The Federal Reserve’s intention to contain inflation and ensure it’s moving in the right direction is key before initiating its first rate cut. With initial aggressive rate cuts, most businesses could thrive. However, technology companies like Palantir are not as dependent on the Fed’s actions as they focus on automating their processes to raise margins.

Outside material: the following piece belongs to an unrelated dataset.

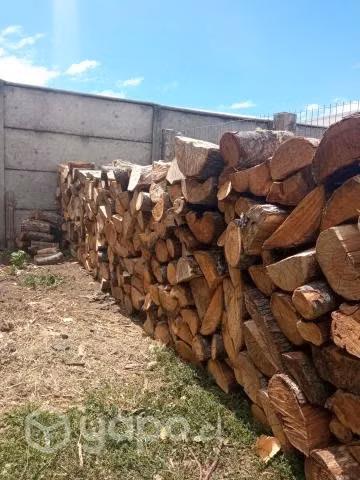 Leña Seca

Jim Cramer expressed uncertainty about Palantir’s business model, stating, “Palantir is a cold stock I don’t have anything to say about it.” He admitted to struggling to understand what Palantir does and criticized the company for not providing much information about its operations. Despite this, Palantir reported a 27% year-over-year revenue increase during the June quarter, with US commercial revenue growth hitting 55%. The company’s AI technologies have been solving significant business problems, such as the famous hallucination problem in AI systems, drawing from its extensive experience with military and defense systems.
At a recent customer event, Palantir highlighted the tangible benefits its AI platform (AIP) has brought to businesses. Airbus accelerated A350 production by 33%, BP reduced costs per barrel by 60%, and Jacobs Connect cut power usage by 30%. Other corporations like Panasonic, ESI Group, PG&E, Eaton, and Tyson Foods have also reported substantial improvements in waste reduction, productivity, and cost savings thanks to Palantir’s solutions.
Cramer’s skepticism on Palantir’s growth
Despite the promising metrics and success stories, concerns about Palantir’s stock valuation persist. The stock is trading at around 21.2 times the next 12 months’ revenue.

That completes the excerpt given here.